Ultimately, The Droughtlanders is a book about who is expendable and whether or not some deaths are more grievable than others.
The book begins with a Droughtlander circus performer (whom we come to learn is a Bender) tumbling to his death from the tightrope, due in part to Seth. “You’d think they’d all died the way they’re carrying on,” Mac writes. “That would be convenient, wouldn’t it?”
Of course, the book is not all doom and gloom. In a lighter moment, Mac actually lets Eli stop and poo; something Frodo never did.
Asked what books influenced her own formative years, Mac lists ME Watson’s Deliver Us From Evie, Jane Rule’s Desert of the Heart, and Armistead Maupin’s Tales of the City.
“I would go to the library, especially the VPL [Vancouver Public Library]–only the VPL because it wasn’t in Abbotsford or Gibsons where I was living–and they had these little pamphlets on gay and lesbian fiction, and I would check out everything that was on the list,” she recalls. “But moreover I would go to the old Little Sister’s, when it was still upstairs, and pretty much take anything.”
Next spring, The Beckoners comes out in paperback; a screenwriter has already been attached to the film with Mac’s original dark ending. “Apparently it’s a very stolen book–it gets stolen from a lot of school libraries,” she tells me. “I’ve heard from several librarians that’s the ultimate compliment.”
I ask if she feels her protagonists need to be heterosexual for her to be able to be accessible.
“I don’t feel like I have to write straight characters, I feel like I write the characters as they are,” she replies. “For example, [in] The Beckoners the queer characters were secondary characters, they weren’t the main characters.
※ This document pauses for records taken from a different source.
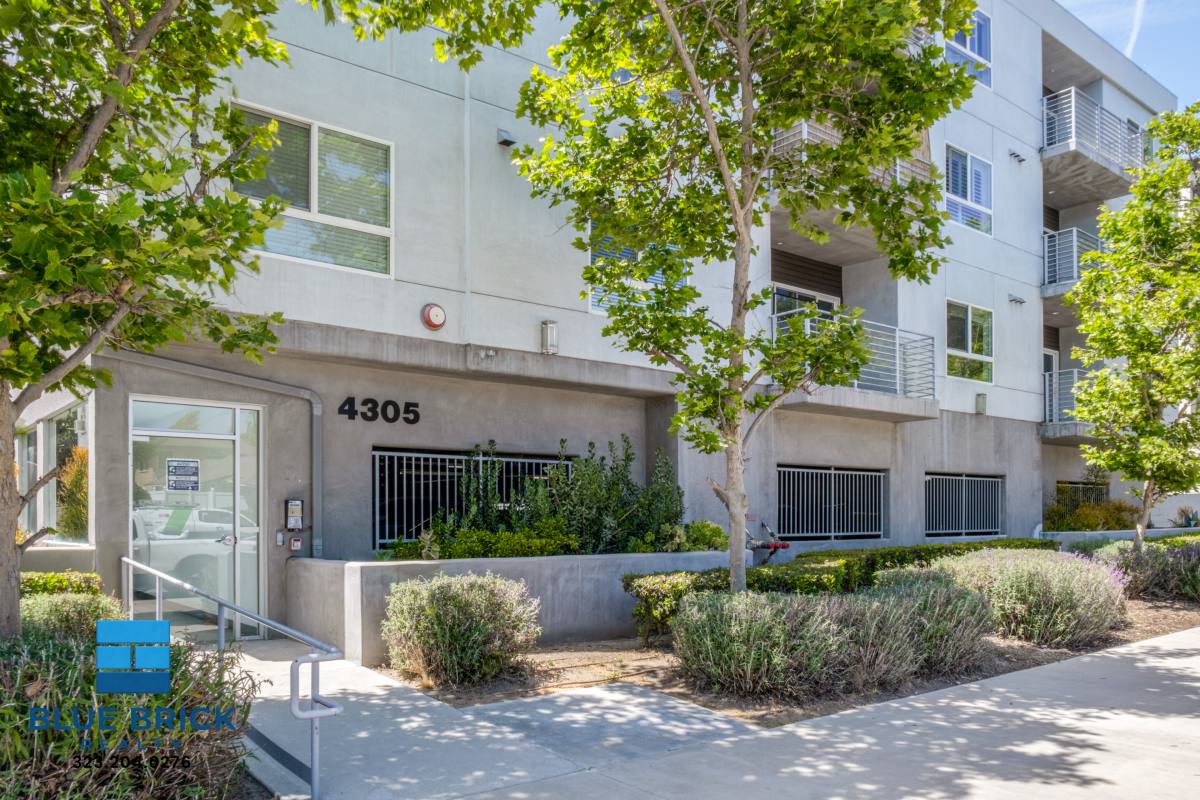 Apartment for rent at 4305 Laurel Canyon Blvd #202A, Studio City, CA 91604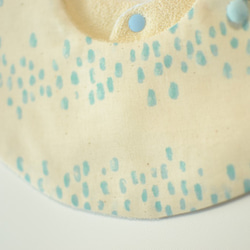 baby bib pompon 360° light blue ivory 3枚目の画像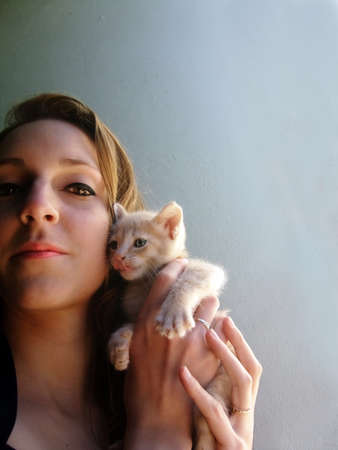 girl with kitten drinksの写真素材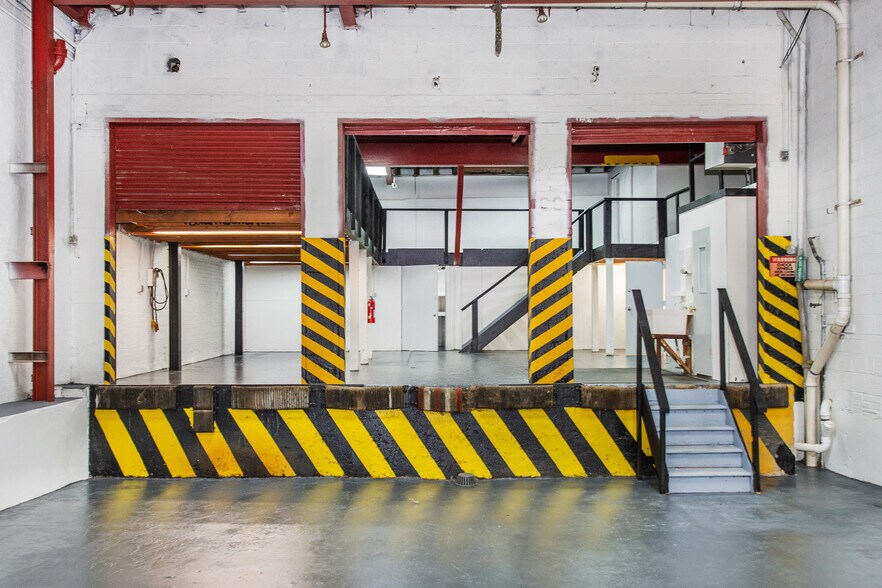 124 Johnson St, Newark, NJ à vendre - Photo du bâtiment - Image 3 de 23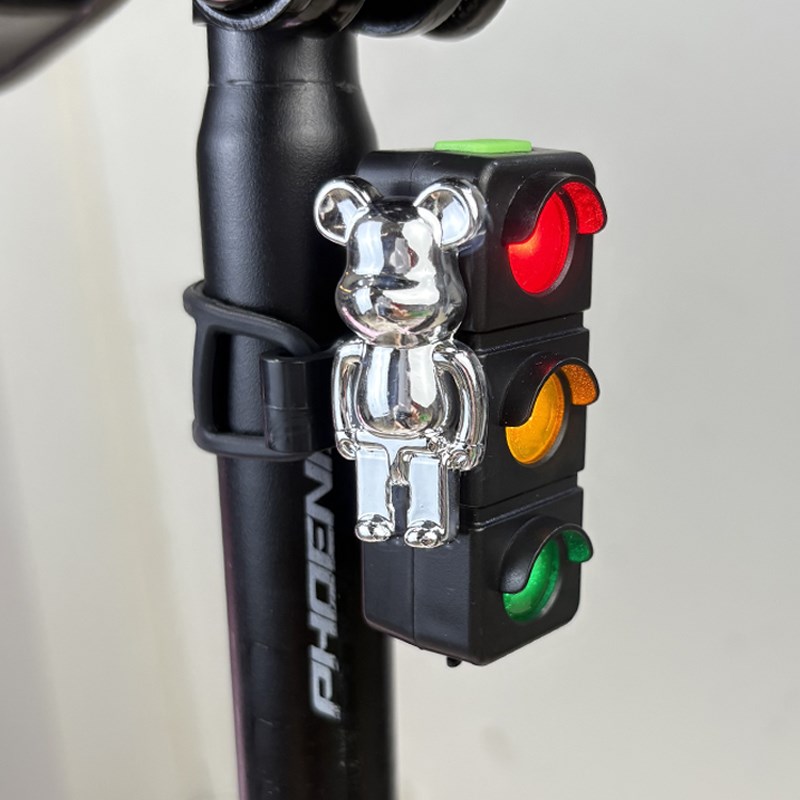 公路车自行车灯警示创意r山地单车红绿灯闪烁夜骑灯夜行充电后尾
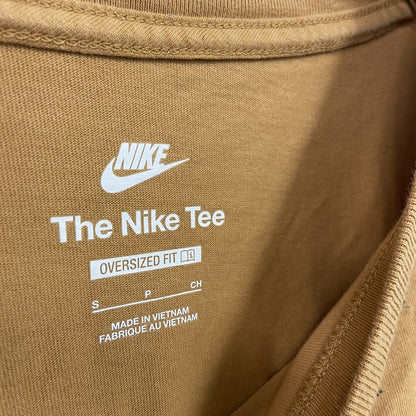 NIKE　ナイキ　半袖プリントTシャツ　ペインティングデザイン　からし色　Sサイズ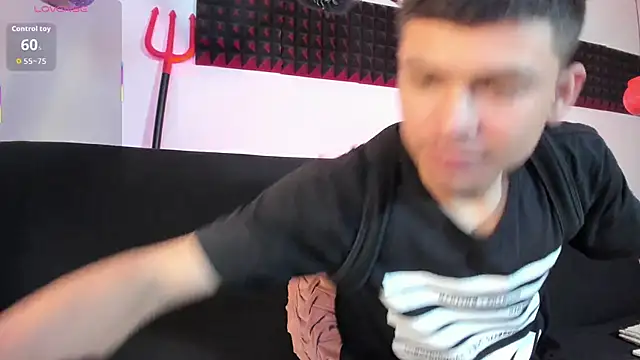 Snapshot of on_tefa chatting on October 25, 2025, 11:16 pm on tefa online show from October 25, 2025, 11:16 pm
Yet it’s funny because people still give that book to queer kids, especially queer young boys, because the healthiest relationship in that book is between those two boys–in high school,” she adds with a mischievous laugh.
Maybe it’s Mac’s honest portrayal of the world today’s teens live in that makes her seem so edgy in the eyes of adults.
“I mean [adults] read books to pass time on an airplane and we read books to keep ourselves entertained in the bathtub, or kill a couple of hours on a Sunday afternoon,” she says. “But kids read books and it saves their lives, whether it’s a book on World War II aircraft or whether it’s a book about queer kids.”
The bill magically appears and we argue over it. “I can write it off,” we say in unison and laugh at the expense of the government.
“Don’t make me out as a zealot,” she says, school-marm like.
Zealot? No.
Mary Poppins for the new millennium? Maybe.